All of which I have begun to learn only from Wikipedia, given the film, with its repeated explanation of there being momentary hiccups in the wiring of the brain, tells me nothing more; besides the heroine uncontrollably going, “Wah, wah, wah,” brushing her wrist against her throat. And sadly, making the audience laugh at her, on occasion (at least in my theatre), which defeats the whole purpose altogether.
Clearly, as against my expectations, this is not a film on the Tourette Syndrome. It is based (with due credit) on Brad Cohen’s memoir, Front Of The Class: How Tourette Syndrome Made Me The Teacher I Never Had. It takes us back to school all right. Which explains the number of young boys and girls at the film's FDFS (first day, first show).

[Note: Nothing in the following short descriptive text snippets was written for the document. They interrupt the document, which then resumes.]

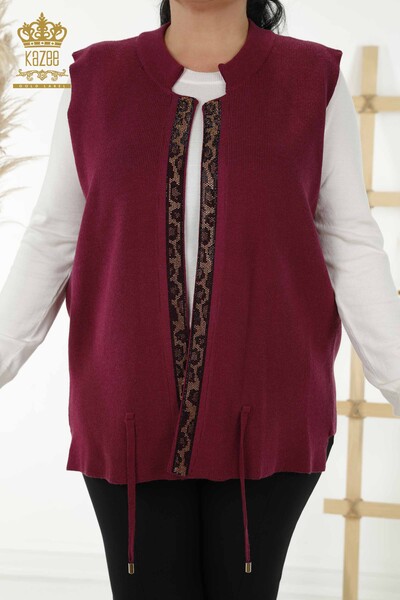 Venta al por mayor Chaleco Corto Mujer - Patrón Leopardo - Púrpura - 30311 | kazee - 4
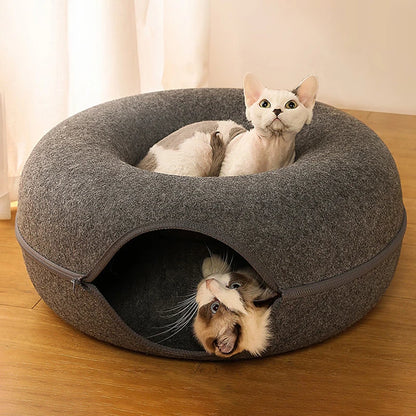 Donut Cat Bed with Tunnel & Play Toys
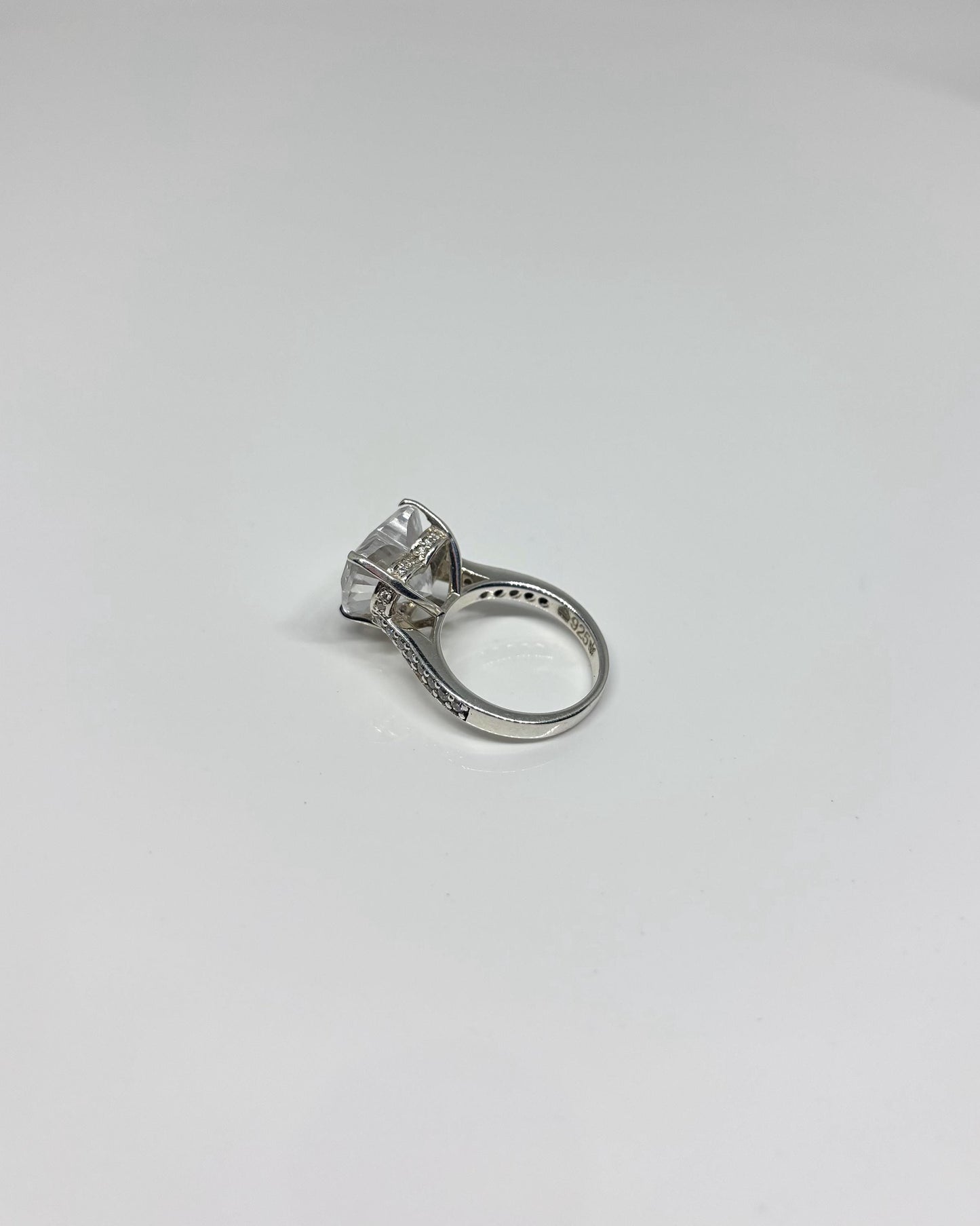 Heart shaped moissanite Statement Ring. Engagement Ring.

At the centre of it all is very much Rani Mukerji, with the most radiant smile ever on the silver screen—a path-breaking actor in her own right, especially in the early 2000s, given Sanjay Leela Bhansali’s Black (2004), where she didn’t just grab audience’s attention (cracking the part of a blind-mute girl), but also inspired a host of aspiring actors starting out at the time (Kangana Ranaut etc.), to expect, and take on female roles that phenomenally challenged them as performers as well.
Honestly, Mukerji doesn’t disappoint here either. The script, or the story, more so, does. You know exactly what’ll happen next as the teacher pulls along her delinquent pupils from the nearby slums—with the camera's gaze fixed at capturing the usual poverty porn/tourism, and dialogues aimed at some equally banal, sanctimonious preaching.
Sure, we could do with a fine, desi version of Dead Poets Society (1989). This film’s intentions—even if multiple, and therefore all mixed up—are laudable, no doubt. But, naah, doesn’t quite cut it, you know. Or at least doesn’t seem like worth cutting classes for, anyway.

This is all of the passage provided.